EXTRACTED RECORDS Start Marker

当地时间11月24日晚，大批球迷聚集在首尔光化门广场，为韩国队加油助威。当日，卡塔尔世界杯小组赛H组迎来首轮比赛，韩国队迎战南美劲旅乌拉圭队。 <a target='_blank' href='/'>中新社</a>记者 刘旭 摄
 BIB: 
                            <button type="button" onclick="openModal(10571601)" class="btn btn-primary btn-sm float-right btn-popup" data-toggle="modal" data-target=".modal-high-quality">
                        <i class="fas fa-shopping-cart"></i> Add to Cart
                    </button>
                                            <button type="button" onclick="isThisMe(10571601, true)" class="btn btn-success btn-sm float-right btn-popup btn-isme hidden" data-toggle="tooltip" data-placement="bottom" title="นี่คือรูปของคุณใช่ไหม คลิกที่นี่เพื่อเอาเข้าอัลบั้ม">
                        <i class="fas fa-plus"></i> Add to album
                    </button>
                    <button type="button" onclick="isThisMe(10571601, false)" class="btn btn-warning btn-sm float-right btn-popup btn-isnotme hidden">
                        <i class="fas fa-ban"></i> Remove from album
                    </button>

EXTRACTED RECORDS End Marker

How many of the lines above include the word "popup"? Respond with the number alone.

TASK RESPONSE = 3